Bundespatentgericht:
Beschluss vom 25. Juli 2001
Aktenzeichen: 29 W (pat) 70/00

(BPatG: Beschluss v. 25.07.2001, Az.: 29 W (pat) 70/00)

Tenor

1. Auf die Beschwerde der Anmelderin wird der Beschluss der Markenstelle für Klasse 38 des Deutschen Patent- und Markenamts vom 3. November 1999 insoweit aufgehoben, als der angemeldeten Marke die Eintragung für die Dienstleistung "Geschäftsführung" versagt worden ist.

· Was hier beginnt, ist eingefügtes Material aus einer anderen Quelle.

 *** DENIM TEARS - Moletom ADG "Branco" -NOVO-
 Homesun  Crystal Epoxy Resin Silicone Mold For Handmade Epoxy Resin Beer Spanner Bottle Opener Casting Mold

2. Im übrigen wird die Beschwerde zurückgewiesen.

Gründe

I.

Die Wortmarke

"Fun@home"

soll für die Waren und Dienstleistungen Klasse 9: Elektrische, elektronische, optische, Meß-, Signal-, Kontroll- oder Unterrichtsapparate und -instrumente (soweit in Klasse 9 enthalten); Apparate zur Aufzeichnung, Übertragung, Verarbeitung und Wiedergabe von Ton, Bild oder Daten; maschinenlesbare Datenaufzeichnungsträger; Verkaufsautomaten und Mechaniken für geldbetätigte Apparate; Datenverarbeitungsgeräte und Computer.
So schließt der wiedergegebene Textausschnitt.